An estimated 75,000 stores that sell clothing, electronics and furniture will close by 2026, when online shopping is expected to make up 25% of retail sales, according to UBS. Roughly 16% of overall sales are made online.
Analysts said the closures would affect a broad variety of retailers, affecting an estimated 21,000 apparel stores, 10,000 consumer electronics stores and 8,000 home furnishing stores.
Already this year, retailers have announced plans to close thousands of stores as they keep up with changing consumer habits. Payless ShoeSource, which filed for Chapter 8 bankruptcy protection in February, is closing all 2,100 of its U.S. stores, while Gymboree is shuttering its 800 locations. Sears, which has closed 1,300 Kmart and Sears stores since 2013, is scrapping an additional 80 locations. A number of other retailers, including Gap, have hinted that store closures are on the horizon.
The main reason for the shift, analysts say, is simple: Americans are increasingly shopping online. The average U.S. household spent $5,200 online last year, up nearly 50 percent from five years earlier.
“This is a healthy cleansing for the retail industry,” said John D. Morris, senior brand apparel analyst for financial services firm D.A. Davidson. “We’re in the middle of a multiyear retail purge.

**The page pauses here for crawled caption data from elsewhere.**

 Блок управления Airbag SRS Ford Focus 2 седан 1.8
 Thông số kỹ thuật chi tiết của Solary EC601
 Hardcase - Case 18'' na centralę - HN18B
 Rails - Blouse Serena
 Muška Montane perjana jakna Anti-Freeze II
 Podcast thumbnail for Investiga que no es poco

Companies are finding that when it comes to stores, less is more.”
Overall, retailers have closed more than 15,000 stores since 2017, according to UBS. Among them: Radio Shack (which closed 1,470 stores), Toys R Us (735 stores), and Mattress Firm and GNC (700 stores each).
“Retailers have been hanging on too long to their bricks-and-mortar stores,” Morris said.
After a decade of steady retail closures – enough to coin the term “retail apocalypse” – analysts said in-store sales ticked up in 2018, in part because of tax cuts for some Americans. But those gains are likely to be reversed this year, said UBS analysts Jay Sole and Michael Lasser.
“This pace of store productivity improvement is unlikely to be sustained in 2019 as the boost from fiscal stimulus fades,” they wrote in a note to clients on Tuesday. “This will likely lead to an acceleration in physical store closures in the upcoming year.”
Even so, some internet-only companies such as furniture retailer Wayfair and mattress brand Casper are beginning to open physical stores. But analysts said these outposts – often smaller and more sparse than traditional stores – function more as showrooms for items customers can order online than a one-stop shop with swaths of inventory.
“The trend is toward more streamlined stores: Less chaos, less inventory, less choice,” Morris said. “If a customer wants something in a different color or size, they can find that online.”
Big-box retailers such Target and Ikea are also shrinking their store sizes to appeal to time-strapped shoppers in urban areas. Sears said last week that it will open a handful of “Sears Home & Life” shops that are about one-tenth the size of its traditional department stores.